Die Stadt O. erteilte am 14. Mai 2020 hierzu das gemeindliche Einvernehmen.
Mit Bescheid vom 19. August 2020 erteilte das Landratsamt M. die beantragte Baugenehmigung im vereinfachten Verfahren.
Unter dem 24. September 2020 ließen die Antragsteller Klage erheben, welche beim Verwaltungsgericht Würzburg unter dem Az. W 4 K 20.1398 geführt wird und über die noch nicht entschieden ist.
Zusätzlich ließen die Antragsteller durch ihre Bevollmächtigten mit Schriftsatz vom 8. Januar 2021 beantragen,
die Vollziehung der Baugenehmigung des Antragsgegners vom 19. August 2020 auszusetzen und zur Sicherung der Rechte der Antragsteller die Bauarbeiten zu stoppen.

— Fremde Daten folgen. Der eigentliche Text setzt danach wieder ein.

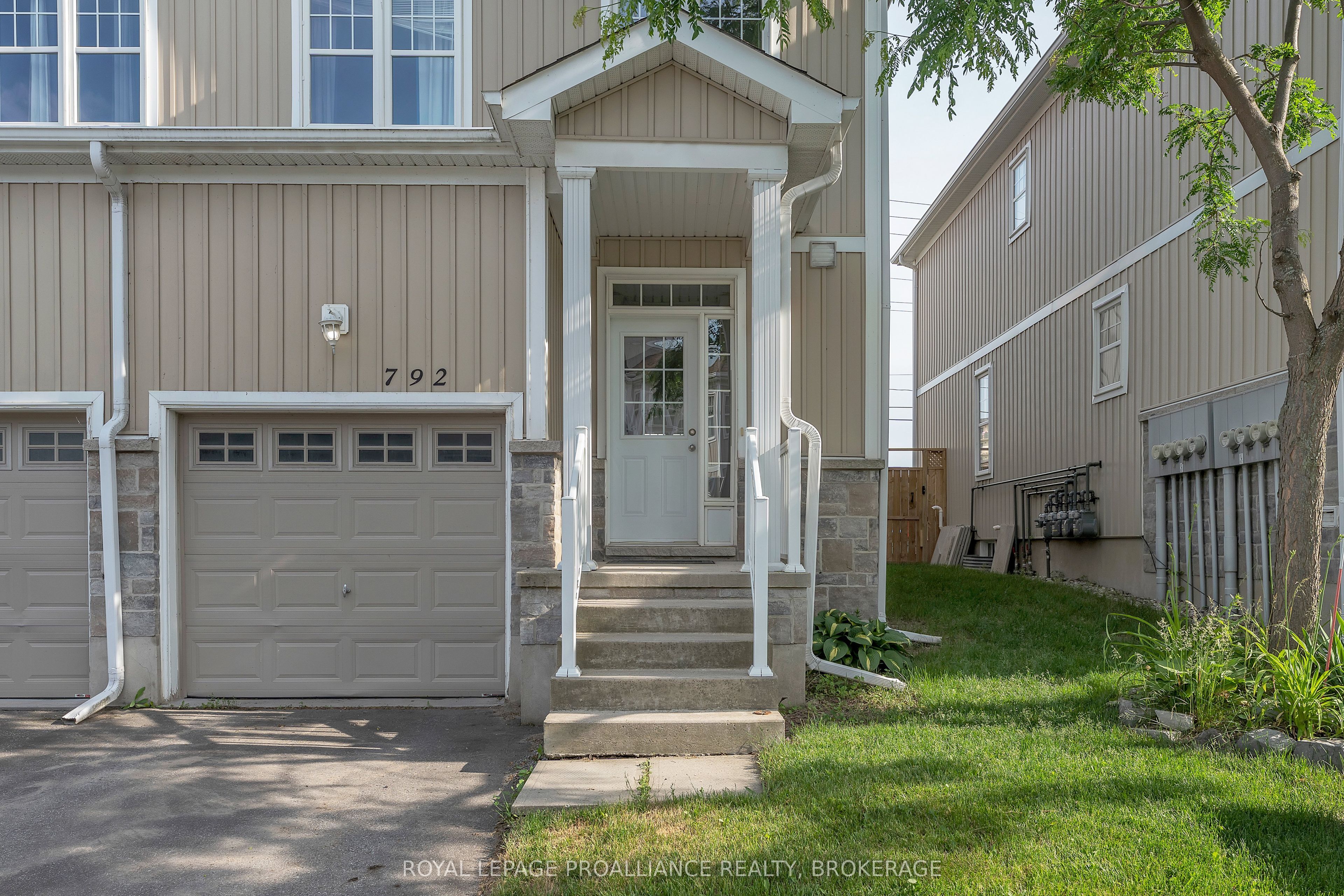 792 Newmarket Lane Property Photo 4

Zur Begründung wurde ausgeführt, das geplante Mehrfamilienhaus mit fünf Wohneinheiten verstoße gegen das Gebot der Rücksichtnahme, da es erdrückend wirke. Da gleich drei Stellplätze neben dem Mehrfamilienhaus angrenzend an das Grundstück der Antragsteller bei lediglich knapp 12 m Abstand zur Bebauung angeordnet seien, ergebe sich im Vergleich zu der im Plangebiet sonstigen Emissionsbelastung durch An- und Abfahrtsverkehr eine bisher nicht dagewesene Lärmbelästigung. Im Übrigen sei das Gebiet von Ein- und Zweifamilienhäusern geprägt. Das geplante Gebäude mit fünf Wohneinheiten und zehn Stellplätzen sprenge den vorherrschenden Charakter des Gebiets. Schließlich vertrete die Bauaufsichtsbehörde fälschlicherweise die Rechtsauffassung, dass der einfache Bebauungsplan „Ortsmitte“ gelte. Tatsächlich befinde sich das Grundstück im Gültigkeitsbereich des Bebauungsplans „Zwischen den Wegen und Bangert“.
Der Antragsgegner beantragte,
den Antrag zurückzuweisen.
Der Vertreter der Beigeladenen zu 1) beantragte ebenso,
den Antrag zurückzuweisen.
Wegen der weiteren Einzelheiten des Sachverhalts und des Vorbringens der Beteiligten wird auf die Gerichtsakte im vorliegenden Verfahren und im Verfahren W 4 K 20.1398 sowie auf die beigezogenen Behördenakten Bezug genommen.
II.
Der gemäß § 80 Abs. 5 VwGO zulässige Antrag ist unbegründet.
Die Kammer sieht nach einer einem Eilverfahren wie diesem angemessenen summarischen Prüfung (vgl. BVerfG, B.v. 24.2.2009 – 1 BvR 165/09 – NVwZ 2009, 581) im Rahmen der von ihr eigenständig zu treffenden Ermessensentscheidung keine Notwendigkeit für die Anordnung der aufschiebenden Wirkung der Anfechtungsklage gemäß § 80a Abs. 3, Abs. 1 Nr. 2, § 80 Abs. 5 Satz 1 VwGO, bzw. wie von den Antragstellern begehrt, für die Aussetzung der Vollziehung der Baugenehmigung und die Einstellung der Bauarbeiten.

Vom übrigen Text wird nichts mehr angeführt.